WORK REQUIRED: Reproduce each line below precisely. Drop the pictures.

SOURCE DATA:
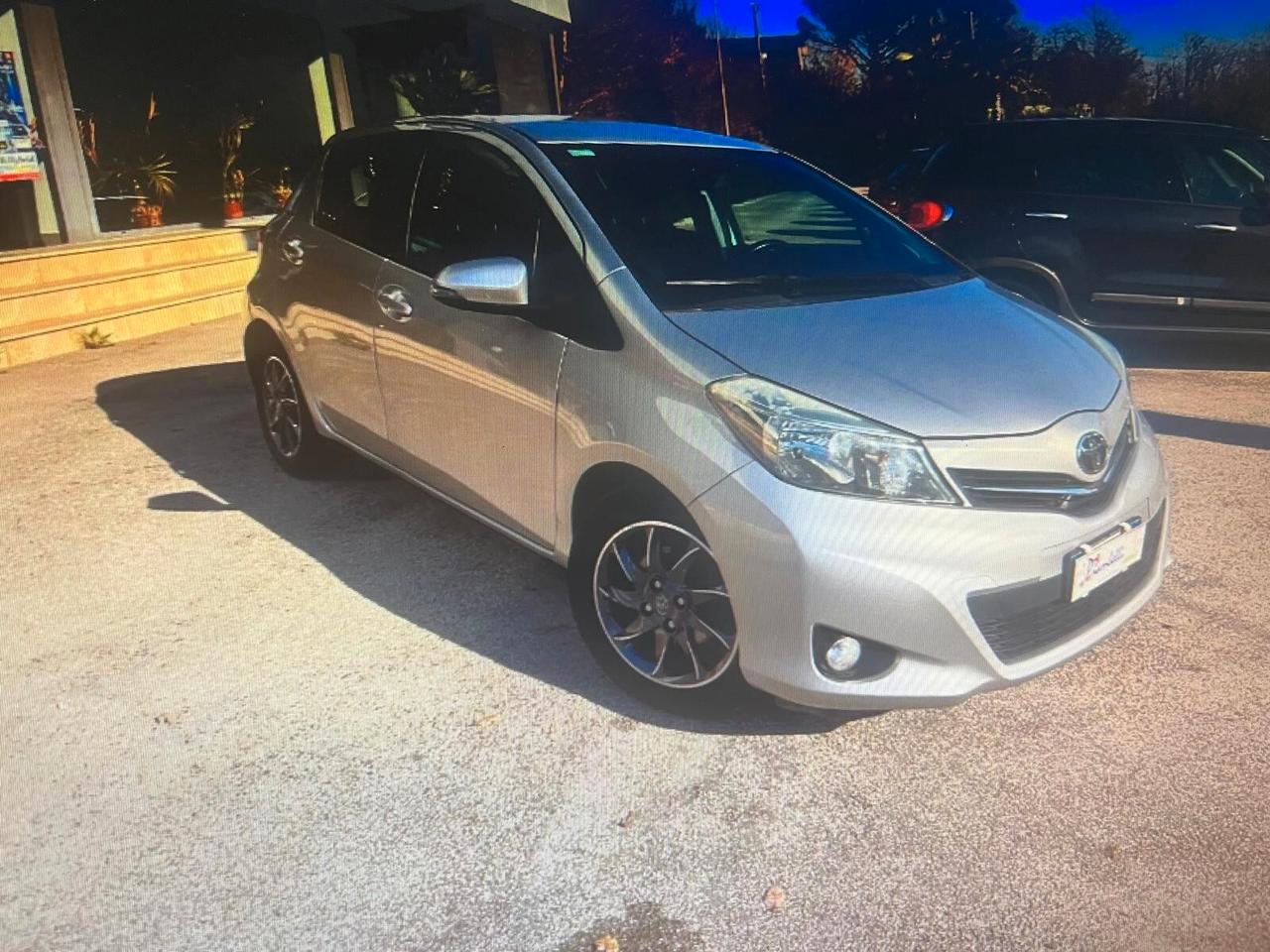 Toyota Yaris 1.4 D-4D 5 porte Lounge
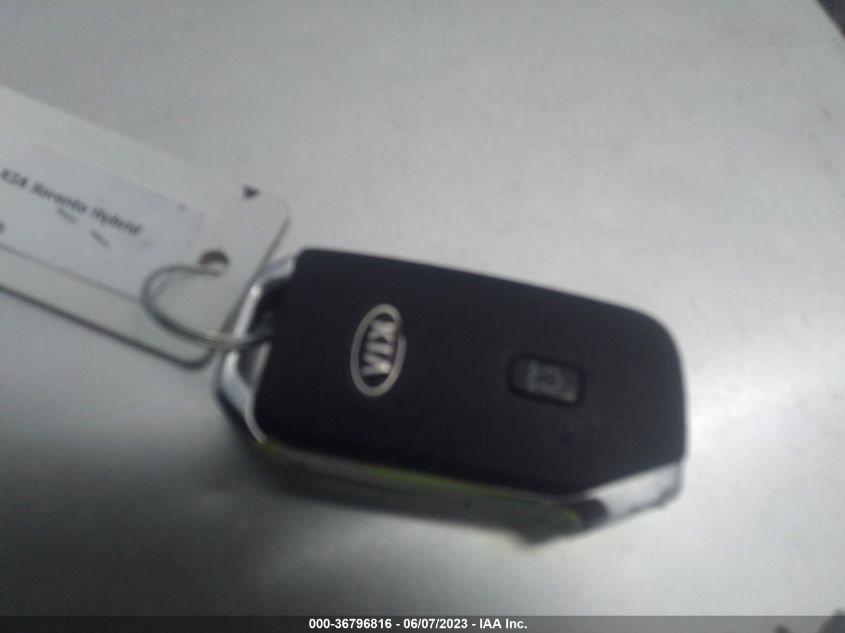 2021 KIA SORENTO HYBRID S KNDRG4LG7M5039275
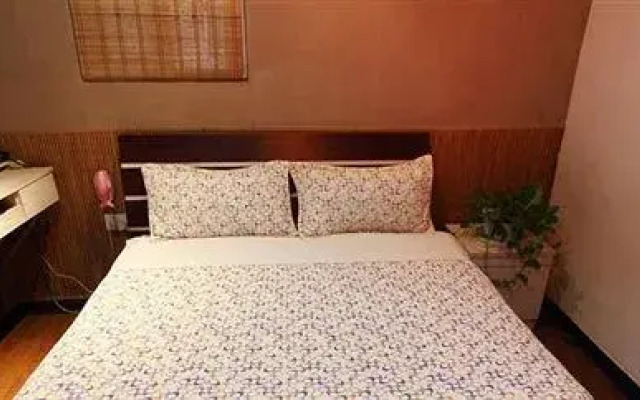 Youzou Riyue Family Hotel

SOLVED PROBLEM:
 Toyota Yaris 1.4 D-4D 5 porte Lounge
 2021 KIA SORENTO HYBRID S KNDRG4LG7M5039275
 Youzou Riyue Family Hotel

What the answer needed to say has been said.